DANIELS: So I thought, oh, we're all set. So my friend and I took off and traveled all the way to the Mojave Desert. And this is in the middle of August. And so it's scorching hot, just scorching hot. Basically as far as you could see you saw Joshua trees and then we saw this little dirt path that was marked, you know, danger, danger, warning, maintained - blah, blah, blah. That was the road we were supposed to take. So we were, you know, we were just going along, going along. At first I thought this is not bad at all. But the further along that we went the road would narrow and the thing was that the sun was going down and in the daytime you've got these grand, huge vistas and you have a sense of where you are. But when the darkness drops it's just what ever you can see right in front of you. And we were ringed by storms. There was lightning almost in every direction. So then I started to think, if we have any kind of a problem unless we do find the phone booth we have no way of, you know, letting people know we're really in trouble. But at a certain point, just barely in the reach of the headlights, I thought I saw a line of telephone poles. And there was a little jut to the left and then a little jut to the right. And I brought the van to the stop with the headlights just shining right on the Mojave phone booth. It was really quite a moment and there's bullet holes in, it there's no glass it's all busted out, it's kind of a wreck, you know, but to me was just - it was beautiful. I needed to hear that phone ring. I needed to hear what I had been causing to happen all this time out there. So I called my friends pager and here I am out in the Mojave surrounded by Joshua trees and lightning and desert and now there's a familiar ring. And it was so loud, it was really loud, the bell was just crazy loud. For me that was kind of the moment, is hearing that phone ring. It was everything that I had been imagining when I was calling.

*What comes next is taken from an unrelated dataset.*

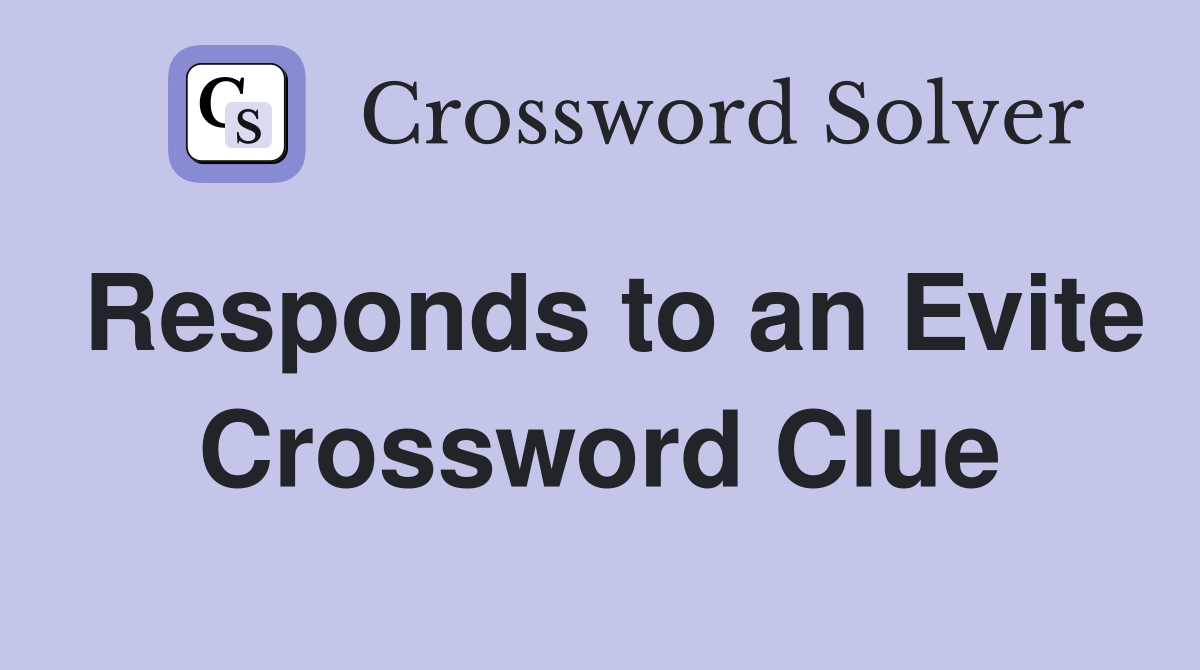 Responds to an Evite Crossword Clue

ROSENBERG: After that, Doc thought the story was over. He did keep calling the booth after all someone else could pick up. But that was just for him. He never really expected anyone else to care until he did something which would have not have seemed risky back in 1997. But which today is obviously very, very dangerous. He gave the booth a webpage.

DANIELS: And in those days the Internet, there wasn't that much on it. So I thought that was about as far as it would go.

ROSENBERG: But yeah, that's not what happened.

DANIELS: Next thing you know I'd go to my P.O. Box and there would be clippings about the Mojave phone booth from newspapers in languages that I didn't read. It just spread. So I thought, well, this is unexpected.

ROSENBERG: And so when Doc and his friends returned to the booth, about a year after his initial visit, when they got there this phone - way out in the middle of nowhere - which Lorene had said she'd never heard ring, it was ringing off the hook.

DANIELS: You didn't have to call anybody. It was just as soon as you would hang up the phone it would start ringing again. It was just crazy. You'd pick it up and, you know, who's this person going to be? Where are they going to be? And you had no idea it could be somebody from, you know, Vietnam or Iran or just anywhere. Some people would call and you couldn't talk to them because they didn't speak English. And again, you know, most of the time it wasn't about the content. You know, you're not really saying anything. It's really not the point. It's just the connection. An old trucker guy called and I think he just wanted to be listened to. He wanted to tell stories about his trucking days. And he didn't seem to have anybody to tell them to.

ROSENBERG: How many calls did you end up taking that day?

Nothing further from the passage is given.